Di posisi penjaga gawang, Nadeo Argawinata diprediksi menjadi pilihan utama. Pengalamannya di berbagai turnamen internasional dinilai cukup untuk memimpin lini belakang.
Sementara itu, lini pertahanan akan diisi oleh pemain yang sudah akrab dengan pertandingan level tinggi. Kehadiran mereka diharapkan mampu memberikan ketenangan bagi seluruh tim.
Sektor tengah diprediksi menjadi area paling menarik. Herdman diperkirakan akan memadukan pemain pekerja keras dengan kreator permainan untuk mendominasi penguasaan bola.
Kombinasi ini menjadi kunci utama untuk membongkar pertahanan lawan, terutama tim-tim kuat Asia Tenggara seperti Thailand dan Vietnam.
Meski beberapa pemain yang berkarier di Eropa berpotensi absen, kekuatan Indonesia tetap menjanjikan. Herdman dinilai realistis dengan memaksimalkan pemain yang rutin tampil di kompetisi domestik.
Strategi ini dipilih demi menjaga keseimbangan permainan dan meminimalkan risiko adaptasi yang terlalu cepat.
Indonesia memiliki pengalaman panjang sebagai salah satu kekuatan di Asia Tenggara. Namun, catatan beberapa kali mencapai final belum berakhir dengan trofi juara.
Karena itu, setiap keputusan pemilihan pemain akan mendapat perhatian besar dari pendukung. Banyak yang berharap tidak ada lagi cerita gagal di partai penentuan.
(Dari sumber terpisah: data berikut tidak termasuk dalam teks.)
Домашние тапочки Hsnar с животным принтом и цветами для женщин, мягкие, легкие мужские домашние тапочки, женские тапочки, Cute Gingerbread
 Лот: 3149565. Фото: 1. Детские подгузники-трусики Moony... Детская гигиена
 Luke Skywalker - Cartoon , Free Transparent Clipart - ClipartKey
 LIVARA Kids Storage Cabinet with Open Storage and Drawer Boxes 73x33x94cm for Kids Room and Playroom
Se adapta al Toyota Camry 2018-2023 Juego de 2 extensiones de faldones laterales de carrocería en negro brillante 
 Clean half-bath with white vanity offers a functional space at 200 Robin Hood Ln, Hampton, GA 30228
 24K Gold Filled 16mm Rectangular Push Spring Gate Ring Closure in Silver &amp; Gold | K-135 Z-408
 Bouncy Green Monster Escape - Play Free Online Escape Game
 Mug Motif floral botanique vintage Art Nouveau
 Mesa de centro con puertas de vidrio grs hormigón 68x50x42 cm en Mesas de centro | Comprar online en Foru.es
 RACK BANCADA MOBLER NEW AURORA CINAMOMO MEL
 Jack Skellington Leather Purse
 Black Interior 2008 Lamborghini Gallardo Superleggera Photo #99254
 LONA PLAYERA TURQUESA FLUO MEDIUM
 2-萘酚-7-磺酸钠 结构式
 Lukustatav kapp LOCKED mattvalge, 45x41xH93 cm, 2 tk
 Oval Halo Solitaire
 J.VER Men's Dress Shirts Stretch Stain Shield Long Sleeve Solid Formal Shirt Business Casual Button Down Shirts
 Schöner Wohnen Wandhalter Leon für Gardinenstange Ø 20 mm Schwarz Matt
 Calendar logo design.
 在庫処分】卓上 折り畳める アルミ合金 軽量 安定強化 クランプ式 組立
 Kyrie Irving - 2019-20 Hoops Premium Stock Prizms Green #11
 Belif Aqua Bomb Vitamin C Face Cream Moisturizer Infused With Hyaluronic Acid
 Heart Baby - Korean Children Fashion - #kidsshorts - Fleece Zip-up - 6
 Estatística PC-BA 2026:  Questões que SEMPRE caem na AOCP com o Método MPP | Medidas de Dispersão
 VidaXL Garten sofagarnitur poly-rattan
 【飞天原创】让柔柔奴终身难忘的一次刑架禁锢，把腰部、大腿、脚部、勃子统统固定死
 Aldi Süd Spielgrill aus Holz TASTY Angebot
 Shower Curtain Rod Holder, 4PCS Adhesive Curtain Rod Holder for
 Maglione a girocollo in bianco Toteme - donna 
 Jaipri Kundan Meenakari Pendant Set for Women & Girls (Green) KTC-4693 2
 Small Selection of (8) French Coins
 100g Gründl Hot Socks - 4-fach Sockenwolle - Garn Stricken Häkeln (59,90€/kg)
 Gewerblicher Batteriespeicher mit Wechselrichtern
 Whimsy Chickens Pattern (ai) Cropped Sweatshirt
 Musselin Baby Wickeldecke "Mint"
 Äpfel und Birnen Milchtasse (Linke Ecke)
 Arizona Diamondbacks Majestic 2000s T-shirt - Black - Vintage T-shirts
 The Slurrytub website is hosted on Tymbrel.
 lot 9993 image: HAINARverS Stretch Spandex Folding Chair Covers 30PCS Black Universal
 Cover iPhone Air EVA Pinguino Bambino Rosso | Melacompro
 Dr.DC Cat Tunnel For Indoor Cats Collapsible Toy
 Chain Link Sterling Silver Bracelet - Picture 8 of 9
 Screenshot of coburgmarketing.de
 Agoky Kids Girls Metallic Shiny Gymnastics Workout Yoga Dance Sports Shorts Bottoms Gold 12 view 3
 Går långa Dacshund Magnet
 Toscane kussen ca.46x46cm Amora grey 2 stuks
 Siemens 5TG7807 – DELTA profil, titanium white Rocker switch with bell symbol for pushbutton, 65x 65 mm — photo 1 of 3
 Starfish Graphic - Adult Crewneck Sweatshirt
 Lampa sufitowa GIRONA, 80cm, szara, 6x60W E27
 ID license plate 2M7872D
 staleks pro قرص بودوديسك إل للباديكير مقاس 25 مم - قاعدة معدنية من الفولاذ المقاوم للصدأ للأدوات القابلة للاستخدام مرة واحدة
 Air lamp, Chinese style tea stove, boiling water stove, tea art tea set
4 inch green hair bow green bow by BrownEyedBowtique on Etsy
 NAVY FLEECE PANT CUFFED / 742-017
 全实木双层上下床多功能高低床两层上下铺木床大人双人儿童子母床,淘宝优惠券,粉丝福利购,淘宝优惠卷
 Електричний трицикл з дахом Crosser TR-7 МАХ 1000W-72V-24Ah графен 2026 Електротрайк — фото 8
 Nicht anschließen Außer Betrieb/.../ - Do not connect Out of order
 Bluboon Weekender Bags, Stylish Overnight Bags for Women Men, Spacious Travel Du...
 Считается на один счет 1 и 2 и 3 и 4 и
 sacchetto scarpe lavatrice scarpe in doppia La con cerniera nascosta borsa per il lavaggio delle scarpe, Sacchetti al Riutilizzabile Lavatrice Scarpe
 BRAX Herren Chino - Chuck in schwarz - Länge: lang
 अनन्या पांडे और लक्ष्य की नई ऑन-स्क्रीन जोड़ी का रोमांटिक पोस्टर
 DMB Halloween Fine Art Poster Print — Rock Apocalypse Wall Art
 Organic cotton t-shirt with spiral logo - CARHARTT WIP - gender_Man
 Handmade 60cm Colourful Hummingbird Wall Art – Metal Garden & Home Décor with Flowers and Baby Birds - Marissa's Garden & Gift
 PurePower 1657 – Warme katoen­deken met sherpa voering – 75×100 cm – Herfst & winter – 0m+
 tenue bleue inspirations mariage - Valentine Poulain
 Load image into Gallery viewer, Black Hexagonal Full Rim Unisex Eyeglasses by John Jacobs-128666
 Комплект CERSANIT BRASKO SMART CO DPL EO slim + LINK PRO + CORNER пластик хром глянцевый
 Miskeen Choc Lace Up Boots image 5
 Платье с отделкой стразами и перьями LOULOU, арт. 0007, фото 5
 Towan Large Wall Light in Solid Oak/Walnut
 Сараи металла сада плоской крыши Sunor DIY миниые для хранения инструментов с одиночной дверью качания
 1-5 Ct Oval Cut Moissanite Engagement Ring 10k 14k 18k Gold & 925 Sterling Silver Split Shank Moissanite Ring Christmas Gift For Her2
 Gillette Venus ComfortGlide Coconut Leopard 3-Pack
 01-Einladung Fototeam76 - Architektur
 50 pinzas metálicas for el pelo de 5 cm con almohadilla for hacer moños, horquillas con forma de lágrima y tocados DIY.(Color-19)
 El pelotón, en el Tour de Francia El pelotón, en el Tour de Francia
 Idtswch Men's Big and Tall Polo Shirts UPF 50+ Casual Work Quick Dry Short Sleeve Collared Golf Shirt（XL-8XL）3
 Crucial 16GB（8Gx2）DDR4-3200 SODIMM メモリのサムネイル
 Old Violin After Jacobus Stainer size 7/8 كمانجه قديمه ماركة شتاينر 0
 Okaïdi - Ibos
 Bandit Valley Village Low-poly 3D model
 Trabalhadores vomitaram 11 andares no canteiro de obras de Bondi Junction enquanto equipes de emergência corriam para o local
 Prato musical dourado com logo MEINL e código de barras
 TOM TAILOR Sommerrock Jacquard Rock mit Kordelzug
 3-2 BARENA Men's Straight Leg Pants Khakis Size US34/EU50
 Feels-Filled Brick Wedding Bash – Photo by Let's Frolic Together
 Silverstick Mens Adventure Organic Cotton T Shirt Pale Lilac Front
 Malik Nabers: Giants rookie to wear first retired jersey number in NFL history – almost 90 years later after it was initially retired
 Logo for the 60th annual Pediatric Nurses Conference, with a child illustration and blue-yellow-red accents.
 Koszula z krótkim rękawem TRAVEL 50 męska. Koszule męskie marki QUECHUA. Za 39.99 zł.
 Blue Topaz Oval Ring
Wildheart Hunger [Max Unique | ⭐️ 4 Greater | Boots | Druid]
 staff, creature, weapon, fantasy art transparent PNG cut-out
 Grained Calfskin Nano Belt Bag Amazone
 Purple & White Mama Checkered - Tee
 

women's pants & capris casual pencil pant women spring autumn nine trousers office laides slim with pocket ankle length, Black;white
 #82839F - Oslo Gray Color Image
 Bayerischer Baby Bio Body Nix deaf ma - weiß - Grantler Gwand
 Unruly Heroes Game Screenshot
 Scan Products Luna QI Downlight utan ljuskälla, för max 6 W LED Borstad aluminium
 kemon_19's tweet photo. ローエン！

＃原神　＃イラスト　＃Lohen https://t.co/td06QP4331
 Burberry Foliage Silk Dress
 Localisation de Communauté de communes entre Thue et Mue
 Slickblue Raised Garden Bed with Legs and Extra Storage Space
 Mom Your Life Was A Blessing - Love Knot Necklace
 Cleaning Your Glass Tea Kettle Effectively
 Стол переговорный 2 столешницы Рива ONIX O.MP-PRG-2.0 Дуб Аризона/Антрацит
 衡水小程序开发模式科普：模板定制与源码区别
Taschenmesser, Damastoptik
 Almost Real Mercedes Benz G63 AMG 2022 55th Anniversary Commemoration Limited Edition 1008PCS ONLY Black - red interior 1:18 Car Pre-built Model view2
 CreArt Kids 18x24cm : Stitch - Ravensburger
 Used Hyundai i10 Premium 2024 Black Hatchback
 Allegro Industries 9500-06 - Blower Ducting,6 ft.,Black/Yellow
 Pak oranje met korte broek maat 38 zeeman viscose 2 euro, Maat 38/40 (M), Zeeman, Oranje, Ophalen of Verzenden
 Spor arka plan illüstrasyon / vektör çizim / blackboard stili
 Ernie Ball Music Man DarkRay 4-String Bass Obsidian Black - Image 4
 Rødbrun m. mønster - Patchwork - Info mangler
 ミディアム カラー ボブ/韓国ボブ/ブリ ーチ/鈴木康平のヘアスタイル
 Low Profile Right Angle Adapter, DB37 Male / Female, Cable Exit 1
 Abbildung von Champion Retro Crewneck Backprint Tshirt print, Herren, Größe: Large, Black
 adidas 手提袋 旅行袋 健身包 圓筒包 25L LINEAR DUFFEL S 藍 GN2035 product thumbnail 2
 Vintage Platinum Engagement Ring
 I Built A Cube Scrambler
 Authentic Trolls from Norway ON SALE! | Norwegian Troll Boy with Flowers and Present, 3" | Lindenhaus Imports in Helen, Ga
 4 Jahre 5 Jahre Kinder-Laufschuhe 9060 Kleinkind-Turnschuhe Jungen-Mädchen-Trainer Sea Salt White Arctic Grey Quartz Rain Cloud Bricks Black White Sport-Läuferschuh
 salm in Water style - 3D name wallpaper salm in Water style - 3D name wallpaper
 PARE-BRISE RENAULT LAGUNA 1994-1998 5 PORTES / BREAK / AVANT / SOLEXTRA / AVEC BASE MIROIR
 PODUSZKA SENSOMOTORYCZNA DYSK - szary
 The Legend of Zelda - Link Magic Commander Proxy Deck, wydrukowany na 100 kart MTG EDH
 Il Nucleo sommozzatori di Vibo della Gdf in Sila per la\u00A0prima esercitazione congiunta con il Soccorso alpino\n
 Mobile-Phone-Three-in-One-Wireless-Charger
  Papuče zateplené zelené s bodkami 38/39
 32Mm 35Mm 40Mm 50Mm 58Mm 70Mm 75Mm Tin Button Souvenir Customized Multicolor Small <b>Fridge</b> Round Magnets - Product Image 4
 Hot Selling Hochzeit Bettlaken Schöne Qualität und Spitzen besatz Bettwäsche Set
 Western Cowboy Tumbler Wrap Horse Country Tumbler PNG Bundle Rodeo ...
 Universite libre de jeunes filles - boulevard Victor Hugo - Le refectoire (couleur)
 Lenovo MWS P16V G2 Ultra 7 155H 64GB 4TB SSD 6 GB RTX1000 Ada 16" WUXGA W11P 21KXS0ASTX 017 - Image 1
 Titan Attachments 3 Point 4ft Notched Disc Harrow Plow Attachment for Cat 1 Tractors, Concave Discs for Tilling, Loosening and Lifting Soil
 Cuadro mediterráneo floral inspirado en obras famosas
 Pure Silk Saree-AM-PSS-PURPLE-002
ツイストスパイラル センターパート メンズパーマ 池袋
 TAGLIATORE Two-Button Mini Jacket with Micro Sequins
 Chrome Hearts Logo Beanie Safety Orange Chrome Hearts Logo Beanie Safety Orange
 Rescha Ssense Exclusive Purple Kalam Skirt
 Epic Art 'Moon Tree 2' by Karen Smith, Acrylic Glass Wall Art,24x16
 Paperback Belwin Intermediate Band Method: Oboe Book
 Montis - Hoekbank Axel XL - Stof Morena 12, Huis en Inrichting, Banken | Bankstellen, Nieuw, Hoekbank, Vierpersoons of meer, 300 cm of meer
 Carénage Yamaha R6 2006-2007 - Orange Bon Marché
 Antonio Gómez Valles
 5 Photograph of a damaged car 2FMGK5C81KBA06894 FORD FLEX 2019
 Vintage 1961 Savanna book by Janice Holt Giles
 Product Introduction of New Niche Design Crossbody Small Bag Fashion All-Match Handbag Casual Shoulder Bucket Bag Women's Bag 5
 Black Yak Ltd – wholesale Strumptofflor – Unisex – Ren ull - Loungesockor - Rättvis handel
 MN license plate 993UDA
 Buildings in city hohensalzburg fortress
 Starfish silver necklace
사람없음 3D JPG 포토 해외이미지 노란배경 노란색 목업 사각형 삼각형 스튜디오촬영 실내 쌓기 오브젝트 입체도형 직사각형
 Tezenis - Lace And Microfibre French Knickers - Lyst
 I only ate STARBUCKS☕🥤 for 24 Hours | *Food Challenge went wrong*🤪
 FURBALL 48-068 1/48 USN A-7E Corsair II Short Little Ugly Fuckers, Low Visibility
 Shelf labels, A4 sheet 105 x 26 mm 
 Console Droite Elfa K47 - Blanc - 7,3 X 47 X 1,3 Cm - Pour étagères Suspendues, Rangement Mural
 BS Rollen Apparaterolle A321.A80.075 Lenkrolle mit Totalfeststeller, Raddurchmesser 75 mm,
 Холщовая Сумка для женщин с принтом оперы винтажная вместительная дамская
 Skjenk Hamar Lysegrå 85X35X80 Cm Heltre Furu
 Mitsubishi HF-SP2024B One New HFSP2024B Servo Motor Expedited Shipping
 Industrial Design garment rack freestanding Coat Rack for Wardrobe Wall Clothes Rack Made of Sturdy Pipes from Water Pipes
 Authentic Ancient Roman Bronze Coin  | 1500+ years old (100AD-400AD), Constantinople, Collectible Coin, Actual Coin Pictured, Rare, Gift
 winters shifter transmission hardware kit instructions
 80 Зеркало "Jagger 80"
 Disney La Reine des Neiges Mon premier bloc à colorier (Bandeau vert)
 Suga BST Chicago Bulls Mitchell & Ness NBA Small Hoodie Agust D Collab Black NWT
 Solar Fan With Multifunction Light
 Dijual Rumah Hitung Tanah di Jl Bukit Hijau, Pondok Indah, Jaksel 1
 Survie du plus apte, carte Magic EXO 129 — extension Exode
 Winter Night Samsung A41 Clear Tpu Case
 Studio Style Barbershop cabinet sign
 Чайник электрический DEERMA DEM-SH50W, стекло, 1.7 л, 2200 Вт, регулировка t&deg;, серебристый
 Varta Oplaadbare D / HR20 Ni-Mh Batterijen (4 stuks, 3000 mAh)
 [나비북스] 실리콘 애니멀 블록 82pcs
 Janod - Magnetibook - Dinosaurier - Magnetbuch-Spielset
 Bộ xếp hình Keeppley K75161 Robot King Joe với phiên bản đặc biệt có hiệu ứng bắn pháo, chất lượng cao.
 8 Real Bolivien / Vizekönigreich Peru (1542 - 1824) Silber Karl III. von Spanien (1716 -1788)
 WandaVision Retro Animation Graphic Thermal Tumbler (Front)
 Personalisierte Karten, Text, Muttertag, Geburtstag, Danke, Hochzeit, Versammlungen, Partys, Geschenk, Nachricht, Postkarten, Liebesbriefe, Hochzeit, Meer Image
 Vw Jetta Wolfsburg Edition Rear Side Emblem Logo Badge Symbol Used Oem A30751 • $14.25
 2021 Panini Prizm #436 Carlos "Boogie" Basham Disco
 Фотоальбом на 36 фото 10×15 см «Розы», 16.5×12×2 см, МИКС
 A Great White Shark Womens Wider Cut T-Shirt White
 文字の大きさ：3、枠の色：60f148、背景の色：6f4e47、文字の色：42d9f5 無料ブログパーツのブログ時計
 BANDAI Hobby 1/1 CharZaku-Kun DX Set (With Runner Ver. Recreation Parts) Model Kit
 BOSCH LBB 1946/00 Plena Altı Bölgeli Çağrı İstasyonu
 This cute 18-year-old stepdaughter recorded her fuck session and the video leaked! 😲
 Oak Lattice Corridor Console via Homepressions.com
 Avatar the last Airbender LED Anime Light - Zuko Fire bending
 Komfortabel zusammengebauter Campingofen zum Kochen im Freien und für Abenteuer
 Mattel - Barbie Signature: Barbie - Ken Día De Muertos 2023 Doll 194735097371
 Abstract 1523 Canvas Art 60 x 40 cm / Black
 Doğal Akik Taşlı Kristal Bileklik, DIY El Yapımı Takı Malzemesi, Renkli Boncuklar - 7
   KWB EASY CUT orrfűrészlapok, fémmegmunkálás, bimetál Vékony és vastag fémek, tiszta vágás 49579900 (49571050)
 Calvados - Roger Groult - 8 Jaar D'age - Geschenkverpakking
Turnamen ini menjadi kesempatan penting bagi Herdman untuk menunjukkan kualitasnya di hadapan publik. Tekanan besar hadir karena ekspektasi masyarakat terhadap Tim Garuda semakin tinggi.
Jika formula barunya berhasil, bukan tidak mungkin Piala AFF 2026 menjadi awal dari era baru sepak bola Indonesia.